CreateWindow, Parameter 1 und 2 typecasten???



  • CodeFinder schrieb:

    Aber welche Funktionen sind denn bspw. in tchar.h deklariert (für die es sich lohnt diese Datei zu inkludieren) ?

    Die Datei zu verwenden ist immer dann sinnvoll, wenn du TCHAR verwendest. Für praktisch alle char/wchar_t Standard Funktionen, wie zB strlen, strcpy, sprintf, etc.pp, gibt es entsprechende TCHAR Gegenstücke.

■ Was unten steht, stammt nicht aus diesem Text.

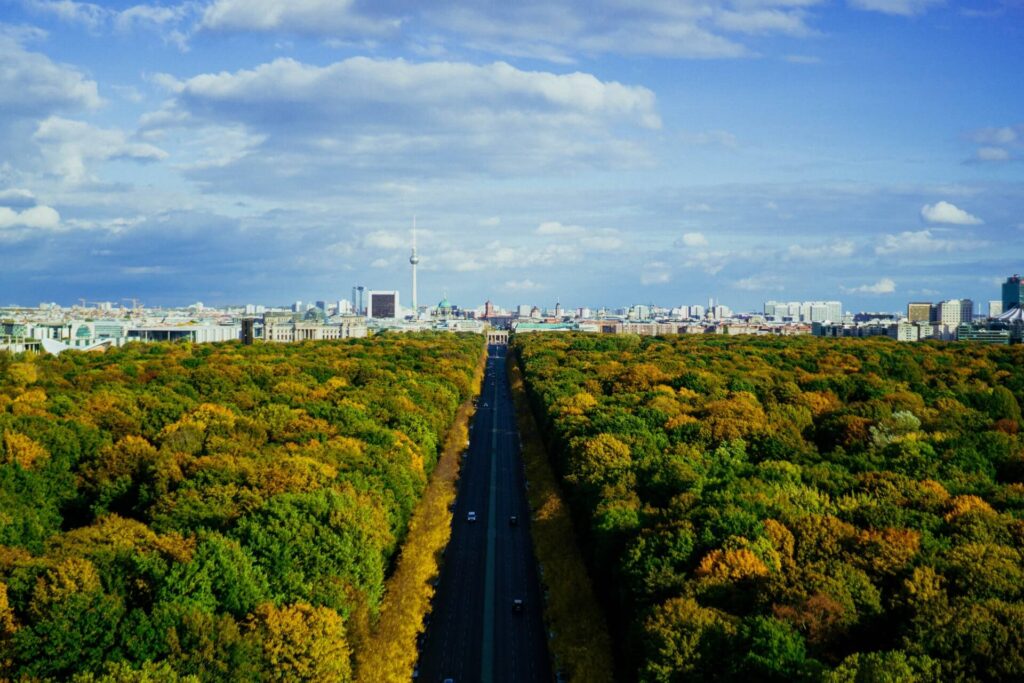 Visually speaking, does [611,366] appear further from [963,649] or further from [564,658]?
[963,649]

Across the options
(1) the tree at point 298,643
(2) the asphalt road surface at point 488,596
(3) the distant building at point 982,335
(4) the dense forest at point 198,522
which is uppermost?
(3) the distant building at point 982,335

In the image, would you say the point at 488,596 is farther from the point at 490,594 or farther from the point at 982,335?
the point at 982,335

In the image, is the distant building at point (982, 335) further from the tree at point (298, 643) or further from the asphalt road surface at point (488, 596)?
the tree at point (298, 643)

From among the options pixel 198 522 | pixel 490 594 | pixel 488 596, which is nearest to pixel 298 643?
pixel 198 522

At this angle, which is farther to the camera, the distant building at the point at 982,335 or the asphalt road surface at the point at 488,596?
the distant building at the point at 982,335

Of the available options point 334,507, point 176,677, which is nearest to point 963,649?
point 176,677

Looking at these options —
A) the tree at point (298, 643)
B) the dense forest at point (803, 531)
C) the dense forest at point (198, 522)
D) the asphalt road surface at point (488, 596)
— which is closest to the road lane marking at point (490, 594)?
the asphalt road surface at point (488, 596) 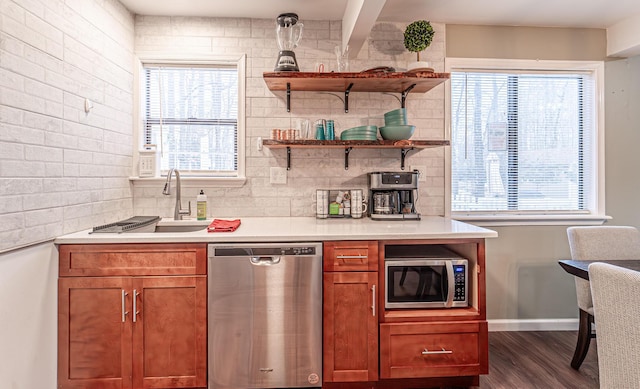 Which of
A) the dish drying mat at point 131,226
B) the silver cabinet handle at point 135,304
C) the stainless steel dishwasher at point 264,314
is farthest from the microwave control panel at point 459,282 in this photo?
the dish drying mat at point 131,226

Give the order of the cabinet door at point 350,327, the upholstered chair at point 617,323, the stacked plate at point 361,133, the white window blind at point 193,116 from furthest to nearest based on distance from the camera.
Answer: the white window blind at point 193,116 → the stacked plate at point 361,133 → the cabinet door at point 350,327 → the upholstered chair at point 617,323

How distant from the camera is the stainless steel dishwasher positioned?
185cm

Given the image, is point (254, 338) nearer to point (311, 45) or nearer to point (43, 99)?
point (43, 99)

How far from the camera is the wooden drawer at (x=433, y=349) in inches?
Result: 75.5

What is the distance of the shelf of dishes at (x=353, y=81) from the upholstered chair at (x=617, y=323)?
1.62 meters

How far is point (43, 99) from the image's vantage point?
169 cm

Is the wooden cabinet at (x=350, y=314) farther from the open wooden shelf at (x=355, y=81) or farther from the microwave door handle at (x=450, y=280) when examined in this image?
the open wooden shelf at (x=355, y=81)

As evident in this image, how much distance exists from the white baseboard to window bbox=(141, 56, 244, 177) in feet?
7.94

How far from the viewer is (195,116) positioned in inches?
105

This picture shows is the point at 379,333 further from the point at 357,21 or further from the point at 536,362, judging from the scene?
the point at 357,21

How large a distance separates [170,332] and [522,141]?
116 inches

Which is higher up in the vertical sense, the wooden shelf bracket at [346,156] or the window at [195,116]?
the window at [195,116]

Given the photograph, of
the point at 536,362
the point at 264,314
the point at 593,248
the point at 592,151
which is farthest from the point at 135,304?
the point at 592,151

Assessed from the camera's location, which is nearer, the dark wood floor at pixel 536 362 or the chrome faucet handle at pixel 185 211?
the dark wood floor at pixel 536 362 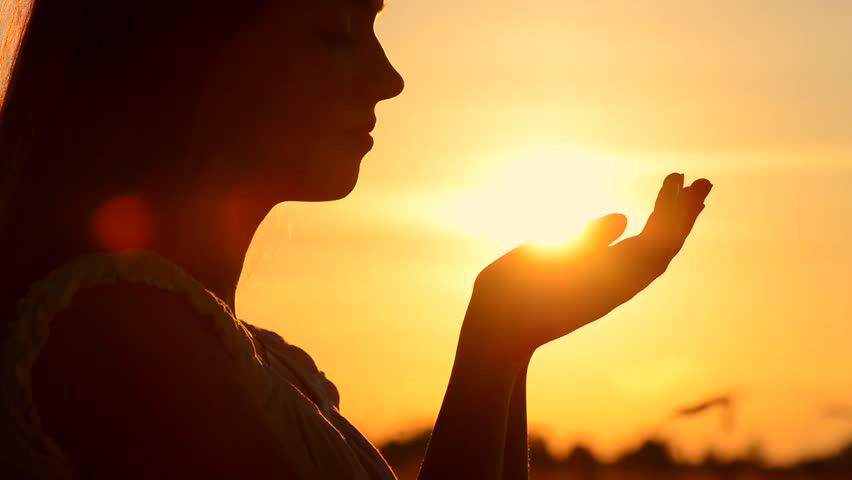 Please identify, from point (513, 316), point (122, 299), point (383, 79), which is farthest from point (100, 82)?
point (513, 316)

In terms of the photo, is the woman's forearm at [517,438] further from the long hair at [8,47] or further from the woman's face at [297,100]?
the long hair at [8,47]

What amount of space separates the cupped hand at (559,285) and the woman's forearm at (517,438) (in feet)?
1.37

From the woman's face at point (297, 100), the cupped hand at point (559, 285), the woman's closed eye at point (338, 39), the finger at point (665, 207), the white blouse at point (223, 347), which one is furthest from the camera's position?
the finger at point (665, 207)

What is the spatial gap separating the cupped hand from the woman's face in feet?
1.52

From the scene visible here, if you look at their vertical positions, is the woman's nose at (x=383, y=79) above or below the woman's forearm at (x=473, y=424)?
above

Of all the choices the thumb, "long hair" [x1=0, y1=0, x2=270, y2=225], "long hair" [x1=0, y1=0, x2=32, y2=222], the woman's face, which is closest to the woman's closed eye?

Allerdings sind diese Sachen nicht offiziell, deshalb beginnen die Bezeichner auch mit einem Unterstrich. Aber wenn du MinGW oder den MSC verwendest, ist die Datei verfügbar. Windows selbst stellt ebenfalls TCHAR Funktionen bereit. Diese beginnen mit l, zB lstrcpy. Dies ist aber bei weitem nicht so umfangreich, und kann zudem nicht statisch zur Anwendung gelinkt werden, da diese Funktionen in einer DLL liegen (kernel32).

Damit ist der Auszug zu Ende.